=== Begin Enclosure ===

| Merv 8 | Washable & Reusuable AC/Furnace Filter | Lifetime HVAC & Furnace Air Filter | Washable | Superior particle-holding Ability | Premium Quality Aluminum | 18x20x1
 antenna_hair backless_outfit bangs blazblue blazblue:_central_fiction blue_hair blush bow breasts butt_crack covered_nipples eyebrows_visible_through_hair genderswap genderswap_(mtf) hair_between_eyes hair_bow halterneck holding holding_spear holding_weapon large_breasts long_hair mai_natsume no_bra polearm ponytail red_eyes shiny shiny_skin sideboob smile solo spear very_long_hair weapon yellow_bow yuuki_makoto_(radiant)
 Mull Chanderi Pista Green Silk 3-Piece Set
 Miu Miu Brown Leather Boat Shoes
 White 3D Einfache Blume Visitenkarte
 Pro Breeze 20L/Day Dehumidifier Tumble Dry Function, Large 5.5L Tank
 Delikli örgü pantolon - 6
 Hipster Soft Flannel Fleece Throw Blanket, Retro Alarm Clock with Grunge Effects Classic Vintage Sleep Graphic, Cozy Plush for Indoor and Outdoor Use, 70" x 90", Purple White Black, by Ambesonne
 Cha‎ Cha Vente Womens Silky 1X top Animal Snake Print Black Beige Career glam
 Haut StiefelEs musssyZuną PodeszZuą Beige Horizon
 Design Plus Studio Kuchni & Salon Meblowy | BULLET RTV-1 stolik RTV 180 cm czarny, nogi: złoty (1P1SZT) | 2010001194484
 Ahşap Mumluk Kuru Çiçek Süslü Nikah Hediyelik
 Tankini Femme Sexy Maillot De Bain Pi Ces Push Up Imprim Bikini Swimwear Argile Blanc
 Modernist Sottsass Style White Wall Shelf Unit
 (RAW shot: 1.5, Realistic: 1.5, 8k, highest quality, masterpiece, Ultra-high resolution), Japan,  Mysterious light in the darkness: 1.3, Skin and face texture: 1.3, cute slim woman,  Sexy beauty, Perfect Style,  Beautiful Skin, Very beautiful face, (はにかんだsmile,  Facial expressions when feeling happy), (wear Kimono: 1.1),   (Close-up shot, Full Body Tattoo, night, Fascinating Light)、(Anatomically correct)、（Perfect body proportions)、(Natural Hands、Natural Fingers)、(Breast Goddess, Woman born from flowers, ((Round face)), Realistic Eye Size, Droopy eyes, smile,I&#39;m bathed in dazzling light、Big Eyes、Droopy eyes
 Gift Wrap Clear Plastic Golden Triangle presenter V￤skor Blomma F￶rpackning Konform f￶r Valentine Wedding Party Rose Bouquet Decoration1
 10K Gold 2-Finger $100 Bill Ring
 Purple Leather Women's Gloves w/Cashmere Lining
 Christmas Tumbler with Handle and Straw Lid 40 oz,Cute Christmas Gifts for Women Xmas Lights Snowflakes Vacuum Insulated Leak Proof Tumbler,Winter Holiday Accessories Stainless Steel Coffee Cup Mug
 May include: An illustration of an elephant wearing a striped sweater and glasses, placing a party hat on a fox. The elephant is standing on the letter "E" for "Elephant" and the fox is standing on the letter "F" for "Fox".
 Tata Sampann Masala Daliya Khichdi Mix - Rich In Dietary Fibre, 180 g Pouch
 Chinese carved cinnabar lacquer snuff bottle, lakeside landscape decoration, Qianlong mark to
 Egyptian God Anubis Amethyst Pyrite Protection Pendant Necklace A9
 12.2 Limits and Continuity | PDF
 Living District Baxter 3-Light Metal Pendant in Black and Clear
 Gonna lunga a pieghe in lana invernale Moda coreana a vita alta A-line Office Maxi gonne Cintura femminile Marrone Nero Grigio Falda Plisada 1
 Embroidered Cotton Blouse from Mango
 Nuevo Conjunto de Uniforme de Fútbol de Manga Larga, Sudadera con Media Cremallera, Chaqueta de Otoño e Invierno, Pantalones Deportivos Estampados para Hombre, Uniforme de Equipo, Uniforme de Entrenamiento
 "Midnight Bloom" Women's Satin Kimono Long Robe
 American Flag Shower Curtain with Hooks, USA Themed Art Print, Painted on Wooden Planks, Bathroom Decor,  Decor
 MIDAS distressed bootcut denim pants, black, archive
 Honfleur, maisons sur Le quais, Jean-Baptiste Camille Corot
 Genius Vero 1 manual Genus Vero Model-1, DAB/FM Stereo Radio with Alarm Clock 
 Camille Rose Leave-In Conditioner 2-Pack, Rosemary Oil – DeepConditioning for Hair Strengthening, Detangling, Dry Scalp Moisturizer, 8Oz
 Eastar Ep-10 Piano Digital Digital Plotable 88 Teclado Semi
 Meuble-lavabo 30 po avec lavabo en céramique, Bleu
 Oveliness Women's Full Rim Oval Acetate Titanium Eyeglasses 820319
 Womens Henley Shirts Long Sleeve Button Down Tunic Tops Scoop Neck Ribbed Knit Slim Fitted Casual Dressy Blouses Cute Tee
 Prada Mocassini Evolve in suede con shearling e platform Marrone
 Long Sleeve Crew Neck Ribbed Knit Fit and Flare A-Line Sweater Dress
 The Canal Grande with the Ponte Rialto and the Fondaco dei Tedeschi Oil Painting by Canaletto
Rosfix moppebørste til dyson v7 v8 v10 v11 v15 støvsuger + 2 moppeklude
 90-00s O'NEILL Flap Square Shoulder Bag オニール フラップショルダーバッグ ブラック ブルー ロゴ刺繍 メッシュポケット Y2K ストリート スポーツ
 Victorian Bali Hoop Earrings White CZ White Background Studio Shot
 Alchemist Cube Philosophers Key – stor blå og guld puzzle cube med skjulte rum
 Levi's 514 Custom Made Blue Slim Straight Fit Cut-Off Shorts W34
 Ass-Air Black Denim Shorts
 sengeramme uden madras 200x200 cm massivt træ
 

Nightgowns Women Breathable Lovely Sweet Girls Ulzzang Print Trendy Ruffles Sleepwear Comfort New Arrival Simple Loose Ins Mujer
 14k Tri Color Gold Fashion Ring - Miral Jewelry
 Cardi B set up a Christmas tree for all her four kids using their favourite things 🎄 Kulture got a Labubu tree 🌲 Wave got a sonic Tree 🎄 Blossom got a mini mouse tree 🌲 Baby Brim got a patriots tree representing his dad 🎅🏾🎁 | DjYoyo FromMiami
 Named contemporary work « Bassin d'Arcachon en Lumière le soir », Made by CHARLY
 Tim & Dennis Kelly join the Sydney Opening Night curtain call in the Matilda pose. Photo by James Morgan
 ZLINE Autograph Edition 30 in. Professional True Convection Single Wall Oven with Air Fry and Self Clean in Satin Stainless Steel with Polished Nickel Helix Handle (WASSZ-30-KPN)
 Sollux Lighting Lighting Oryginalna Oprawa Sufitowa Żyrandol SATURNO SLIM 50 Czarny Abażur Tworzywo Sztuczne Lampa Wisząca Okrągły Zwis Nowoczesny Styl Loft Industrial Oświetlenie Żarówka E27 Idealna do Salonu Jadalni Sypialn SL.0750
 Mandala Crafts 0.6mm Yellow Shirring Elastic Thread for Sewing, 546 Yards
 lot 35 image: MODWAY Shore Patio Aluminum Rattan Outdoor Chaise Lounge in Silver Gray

=== End Enclosure ===

## Work task
Search the records for the word "Christmas", then list every line that has it.

## Problem solution
 Christmas Tumbler with Handle and Straw Lid 40 oz,Cute Christmas Gifts for Women Xmas Lights Snowflakes Vacuum Insulated Leak Proof Tumbler,Winter Holiday Accessories Stainless Steel Coffee Cup Mug
 Cardi B set up a Christmas tree for all her four kids using their favourite things 🎄 Kulture got a Labubu tree 🌲 Wave got a sonic Tree 🎄 Blossom got a mini mouse tree 🌲 Baby Brim got a patriots tree representing his dad 🎅🏾🎁 | DjYoyo FromMiami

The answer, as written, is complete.